There is nothing in that code that would cause that waveform to be produced. Have you tried just measuring the pulse with nothing else connected to it?

[Reply #9 on:]

Does it behave any differently if you comment out the declaration "SoftwareSerial LCDSerial = .." and everything that uses LCDSerial? SoftwareSerial is #2 on my Arduino "do not use" list, http://miscsolutions.wordpress.com/2011/10/16/five-things-i-never-use-in-arduino-projects/.

[Reply #10 on:]

you know... when I put the probe onto the outLED across the 330 ohm resistor, it's nice and square.... when I put it on the pin for the sync, it shows that decay curve.

I do have protection diodes to prevent signals from either sync output (they are on different cameras) to cause any havoc..

I wonder if my board (and the diodes on those outputs) are causing any issue.)

I'll have to tear it all down and look closely....

Weird.

[Reply #11 on:]

The Radio Shack 1N4003 diode seems to be my problem.
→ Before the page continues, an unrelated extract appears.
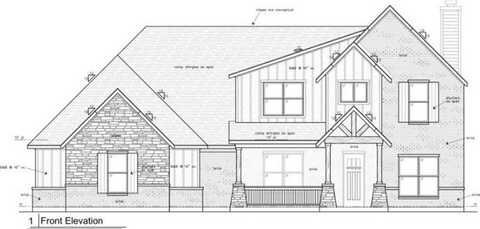 451 Solo Ridge Drive, Waxahachie, TX 75167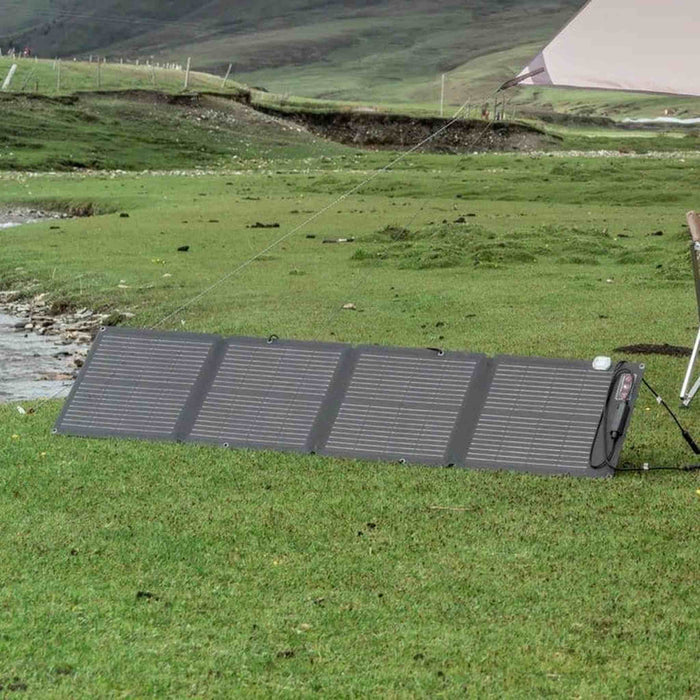 EcoFlow | 110W Portable Foldable Solar Panel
http://www.radioshack.com/product/index.jsp?productId=2036269

I am isolating my A and B channels with diodes.   So the signal is going through
Ground -> diode -> (negative signal to output and scope)
Arduino Output pin (Positive signal).

When I take signal from the Ground... the square wave is true.

I did not know that a Diode would act as a capacitor?  Can I find an extremely low capacitance diode?

Brent

[Reply #12 on:]

weird, why?

[Reply #13 on:]

Try putting a load resistor (say 1k or 10k) between the positive and negative "output" points. Currently, the only load is your scope probe, which will be 1M or 10M.

Also consider using a signal diode such as the 1n4148 instead of a power diode like the 1n4003, unless you have a particular reason for using a power diode.

[Reply #14 on:]

Sure, the diode is the problem...

The current goes ONE way and charges the cable up fast, but when the arduino output goes Low, it's not connected in the reverse connection and you get a capacitive discharge..

NOW we understand !